El día que conocí al ti caminaba delante de la yegua, que arrastraba un viejo carro. Iba a cortar leña a la finca que tiene a un par de kilómetros de su casa. En verano se abastece para el invierno. Hace poco tuvo jaleo con los forestales, cortó leña donde no debía, sin darse mucha cuenta, la verdad; espera la multa, que no piensa pagar. Ahora jubilado del pastoreo, se dedica a su huerto, donde siembra todo el año lo que corresponde a cada tiempo: lechugas, tomates, cebollas, calabazas, zanahorias… de todo, también legumbres o patatas, que completa con unos cuantos manzanos, castaños y ciruelos, al lado de la vivienda, que también recolecta.
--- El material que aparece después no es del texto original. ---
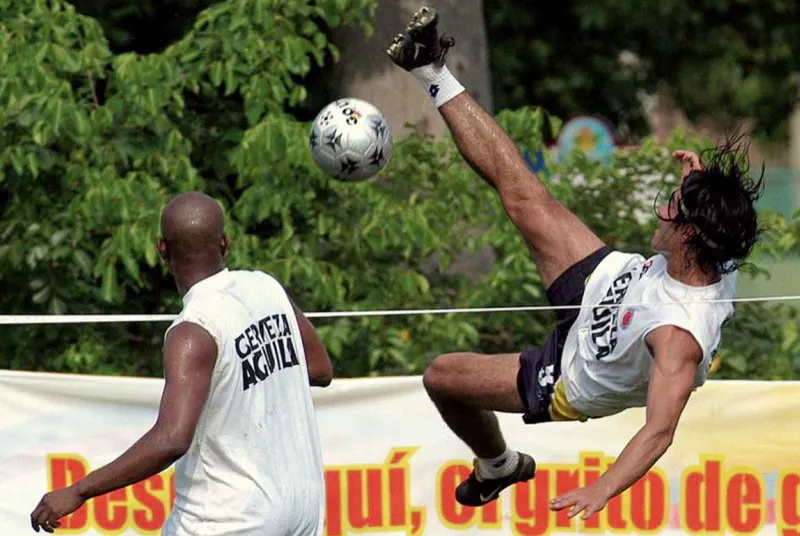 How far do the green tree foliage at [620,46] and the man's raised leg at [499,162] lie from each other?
6489mm

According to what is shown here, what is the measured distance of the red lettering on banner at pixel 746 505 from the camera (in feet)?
24.4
Seis gallinas, un gallo y la matanza. Poca cosa más necesita. Benito dice que no ha pisado nunca un supermercado, ni nada parecido. Hace pan de calabaza o compra la harina al vendedor ambulante de alimentación, que pasa de vez en cuando por el pueblo. El resto de enseres que pueda necesitar se lo procura su hermana cada vez que va a verlo. Melchora se pregunta qué va a pasar con él cuando ya no pueda desplazarse sola hasta Andiñuela. Es su único contacto con este siglo, con el médico, con las pilas para la linterna, con el banco, con la sociedad.
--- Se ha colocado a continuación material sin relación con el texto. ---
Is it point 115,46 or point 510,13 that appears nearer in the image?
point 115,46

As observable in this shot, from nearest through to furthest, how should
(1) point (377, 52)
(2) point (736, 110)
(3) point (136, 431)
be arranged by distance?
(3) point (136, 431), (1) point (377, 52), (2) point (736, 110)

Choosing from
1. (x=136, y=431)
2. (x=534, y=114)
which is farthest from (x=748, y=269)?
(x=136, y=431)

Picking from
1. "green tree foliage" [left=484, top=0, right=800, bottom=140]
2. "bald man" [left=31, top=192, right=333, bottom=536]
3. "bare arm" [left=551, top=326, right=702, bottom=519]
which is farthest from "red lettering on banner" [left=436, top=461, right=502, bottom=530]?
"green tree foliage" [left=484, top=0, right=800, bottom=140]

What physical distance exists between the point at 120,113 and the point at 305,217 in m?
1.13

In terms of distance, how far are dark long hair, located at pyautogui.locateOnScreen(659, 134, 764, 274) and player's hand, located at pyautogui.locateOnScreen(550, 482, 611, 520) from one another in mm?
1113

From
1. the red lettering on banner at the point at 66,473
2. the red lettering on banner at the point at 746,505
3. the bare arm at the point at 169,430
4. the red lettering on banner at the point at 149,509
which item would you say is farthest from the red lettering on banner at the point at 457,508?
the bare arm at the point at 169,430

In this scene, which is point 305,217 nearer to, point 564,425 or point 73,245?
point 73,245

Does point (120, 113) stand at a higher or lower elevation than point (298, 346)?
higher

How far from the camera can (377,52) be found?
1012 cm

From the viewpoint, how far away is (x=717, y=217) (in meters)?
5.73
Oírlo hablar, algo no muy sencillo, supone todo un ejercicio de comprensión, y da buena cuenta también de la vida en los pueblos hacia la mitad del pasado siglo, cuasi analfabeta. Etnografía pura. Benito entremezcla palabras sueltas y mal pronunciadas, usa términos que no corresponden a lo que quiere decir, apenas utiliza tiempos verbales y sobre todo vocablos, como se pueden imaginar, que han perdido todo su contexto actual; amén de una curiosa pronunciación que hace de muchas palabras que acaban en “o”, sustituyendo dicha letra por una “u”, aunque no muy cerrada, como una especie de mezcla imposible entre ambas. “Vinu”, “caballu”, “pueblu”… Y no, no es “asturianu”, es diferente, imposible de expresar correctamente por escrito.
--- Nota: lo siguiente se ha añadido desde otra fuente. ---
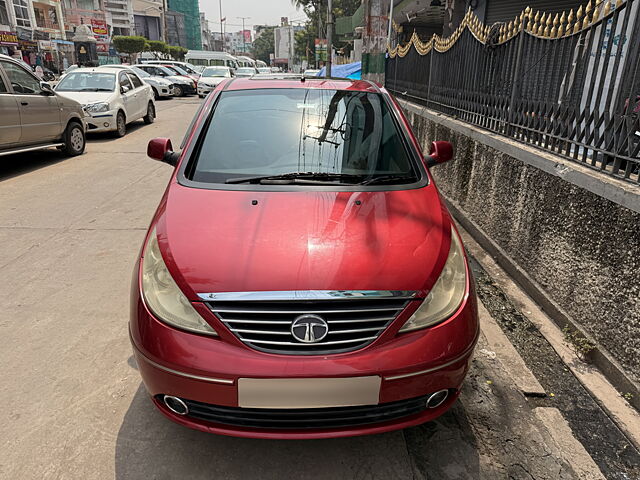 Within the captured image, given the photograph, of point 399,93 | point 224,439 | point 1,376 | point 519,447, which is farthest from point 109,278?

En definitiva, un hombre absolutamente anclado, no ya en su tiempo, sino en el de sus padres y abuelos, viviendo como se hacía ya hace una centena, y, aunque rara avis, no es el único caso, me consta, en la provincia de León. Benito nunca ha visto el mar, ni un cine siquiera. Hace varios años que se le estropeó el televisor y no lo ha repuesto porque no lo veía. Callado, melancólico, taciturno, agarrado al pueblo por costumbre, pero también por miedo, el ti sale a por piedras para tapar de nuevo el muro de la huerta. Camina lento. En su casa suena un aparato, es un pequeño teléfono Nokia de tapa que nunca saca de casa y que tiene por obligación de su hermana. Nunca llama, si acaso lo abre cuando suena y aprieta el botón verde: “¡A ver!”, responde siempre a Melchora. Así es. Benito no quiere irse del pueblo porque sabe que en realidad no puede, pero tampoco puede largarse de allí, porque sigue pensando que en realidad no quiere.